Who Made That Black Box?
By DANIEL ENGBER
Let’s get one thing clear: The “black box” isn’t black. It’s orange. Before airlines made that color standard for their flight recorders, some Boeings used a yellow sphere, and the British had a gizmo called the Red Egg. So why do they call it “black”? One explanation goes this way: In 1939, an aviation engineer named François Hussenot devised a means of capturing an aircraft’s history to a box of photographic film. Onboard sensors flashed into the box through calibrated mirrors and traced a running tab of flight parameters, including altitude, air speed and the position of the cockpit controls. Because the device worked like a camera, its insides had to be in total darkness; thus, perhaps, the “black”-ness of the box.
Hussenot is said to have thought his box so important that he buried a prototype in the sand dunes near the coast of Aquitaine in June 1940 to keep it out of German hands. After the war, technology for flight recorders became widespread. Some devices used photography; others scratched the data onto spools of metal foil. None recorded cockpit audio, however.
Then in 1953, an Australian chemist named David Warren was asked to help find the cause of recent jet-plane crashes. “I kept thinking to myself . . . If only we could recapture those last few seconds,” he told an interviewer in 1985, “it would save all this argument and uncertainty.” Warren’s version of the device stored audio to a bobbin of magnetized steel wire. In his telling, the name “black box” came from a British government official, who in 1958 referred to it using W.W.II-era Air Force slang for subtle avionics.

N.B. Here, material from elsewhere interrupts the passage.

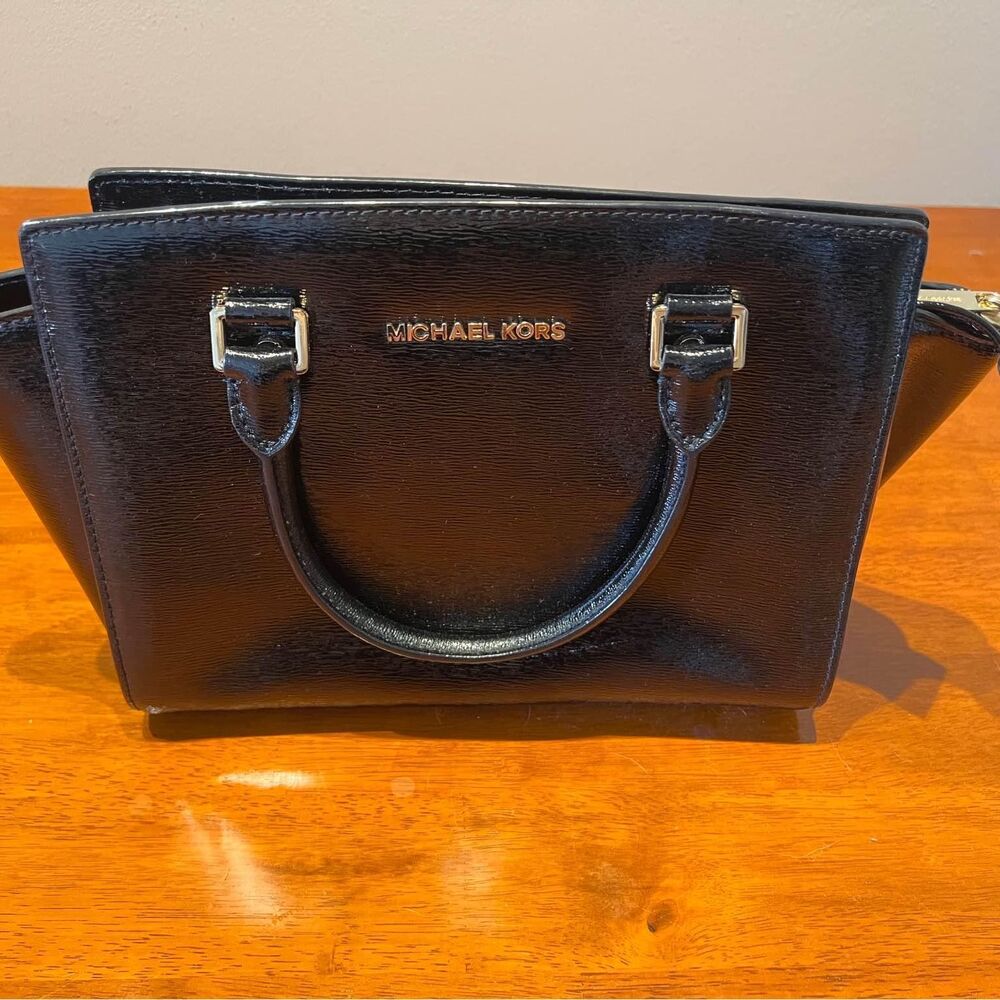 Michael Kors Selma Satchel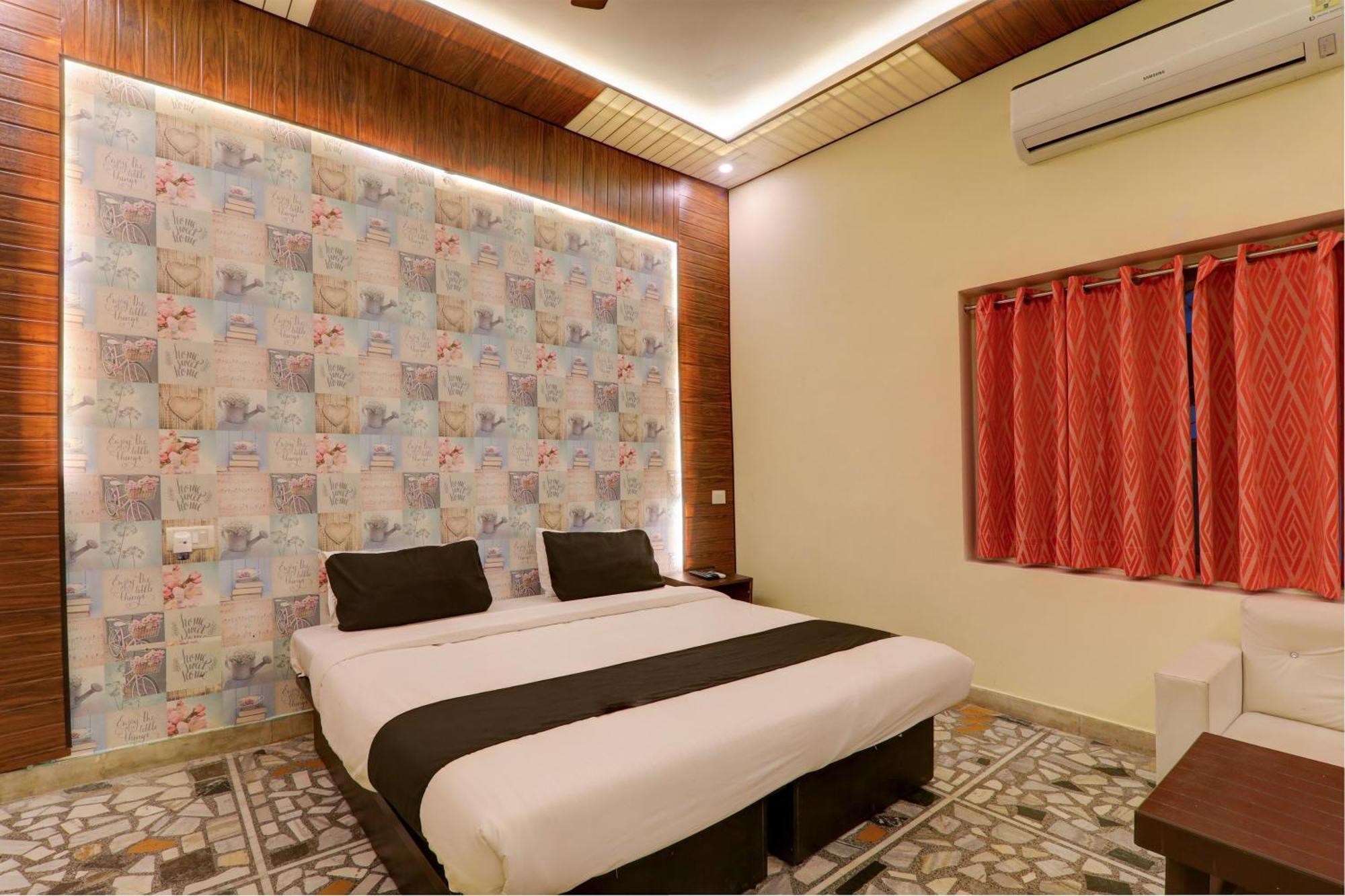Hotel O Flagship Adbhut Moment Hotel Varanasi Bagian luar foto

By the mid-1960s, flight-data and cockpit voice recorders were mandatory for commercial airplanes. Photographic film and magnetic wire were replaced by other storage media, including solid-state memory (the kind used in flash drives). Some have advocated that black boxes should beam their data up to satellites as a flight progresses. Black boxes must be painted orange or bright yellow, but they needn’t look like boxes. According to Federal Aviation Administration regulations, the device may come in a variety of shapes — including spheres, cylinders and domes — so long as it’s not too small for investigators to find among the plane’s debris. (Built-in homing devices help.) It should have a label on its side, with letters at least one inch high that spell out: “FLIGHT RECORDER — DO NOT OPEN.”
黑盒子 其實是橘色
飛航資料記錄器由「座艙通話器」與「飛航記錄儀」組成,兩者均俗稱黑盒子,但它不黑,而是橘色。黑盒子的顏色統一前,波音曾將它塗成黃色,而英國人叫它「紅蛋」。
為何稱黑盒子?有一說指法國航空工程師余瑟諾1939年利用類似攝影的方式,透過感應器及鏡面反射記錄飛行資料,包括高度、時速和駕駛艙情況。此原理類似照相機,兩者內部皆需全黑,故稱「黑」盒子。
澳洲化學家華倫1953年負責調查一起空難,他想到「若能記錄事發前幾秒的情況」,就能解開許多謎團。華倫版的黑盒子利用磁性鋼線圈記綠聲音。1960年代中期,黑盒子成為商用飛機的必要裝備。